Discussion in 'Forex' started by snackly, Sep 25, 2008.
Was it news related or just a normal bit of volatility in the market?
Sept. 25 (Bloomberg) -- Congressional negotiators said they reached a bipartisan agreement on a ``set of principles'' for a $700 billion financial-rescue package to inject fresh capital into the paralyzed credit markets.
Lawmakers agreed that legislation should include provisions on oversight of the Treasury-run program, limits on executive pay and a section on homeownership preservation, Senate Banking Committee Chairman Christopher Dodd said.
Still unresolved is whether the bill will include a provision allowing bankruptcy judges to change mortgage terms. The Treasury would have $250 billion available immediately, said a Senate aide, who requested anonymity.
``We believe that we're prepared to act expeditiously on a package'' that will ``send a message to the markets,'' Dodd said after emerging from a negotiating session.
The agreement must still be passed by the House and Senate, and signed into law by the president. House Financial Services Committee Chairman Barney Frank said it wasn't clear how many House Republicans would support the measure. Senator Robert Bennett, a Utah Republican, predicted it would pass both chambers.
Approval of a measure would address what President George W. Bush warned was a crisis that could cause widespread economic turmoil. In an address to the nation last night Bush said that ``without immediate action by Congress, America could slip into a financial panic, and a distressing scenario would unfold.''
Bill By Day's End
Bennett said lawmakers would have legislative language by the end of the day.
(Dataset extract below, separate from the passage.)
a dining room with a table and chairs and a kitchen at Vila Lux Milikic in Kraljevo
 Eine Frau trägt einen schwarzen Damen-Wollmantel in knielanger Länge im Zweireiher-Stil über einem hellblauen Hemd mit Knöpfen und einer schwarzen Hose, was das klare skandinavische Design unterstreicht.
``I now expect we will indeed have a plan that can pass the House, pass the Senate, be signed by the president and bring a sense of certainty to this crisis that is still roiling in the markets,'' Bennett said. ``That is our primary responsibility and I think we are now prepared to meet it.''
Bush will meet this afternoon with congressional leaders as well as Republican presidential candidate John McCain and his Democratic rival, Barack Obama on the rescue plan.
In addition to the first $250 billion allocated to Treasury, another $100 billion would also be available for the bailout program, the Senate aide said. The remaining $350 billion could be used unless Congress prohibits it, the aide said.
Frank said a Democratic provision to let judges rewrite mortgage terms for homeowners in bankruptcy proceedings is the ``most controversial'' and remains an ``outstanding issue.''
``We pushed very strongly for it,'' Frank said. ``We haven't resolved it yet.''
``Bankruptcy is the one issue where our Republican colleagues told us they thought that would blow up the whole thing,'' Frank told reporters. ``So it hasn't been finally resolved, but that's on the table.''
Spencer Bachus, the top Republican on the House Financial Services Committee, said he was urged to ``see that the taxpayer and that the Treasury is reimbursed for their expenditures. I think that was an important step that we all took and we're committed to the taxpayer being protected.''
To contact the reporters on this story: James Rowley in Washington, at Jrowley@bloomberg.net;
Last Updated: September 25, 2008 14:20 EDT
That story has been hanging out there all day. Is that really what caused a 2 minute spike followed by a correction? Just doesn't seem likely.
The story has but I believe there was a press conference or statement at 1pm saying they had agreed 'in principle', there's another one due out of the White House imminently apparently.....
I doubt there will be a deal before next week.
Conservative republicans are hesitant to accept the deal as it stands. Also, the record voter outrage at the bailout makes the representatives quiver in their pants...
And I think we will see 1.48 again on the EURUSD this week.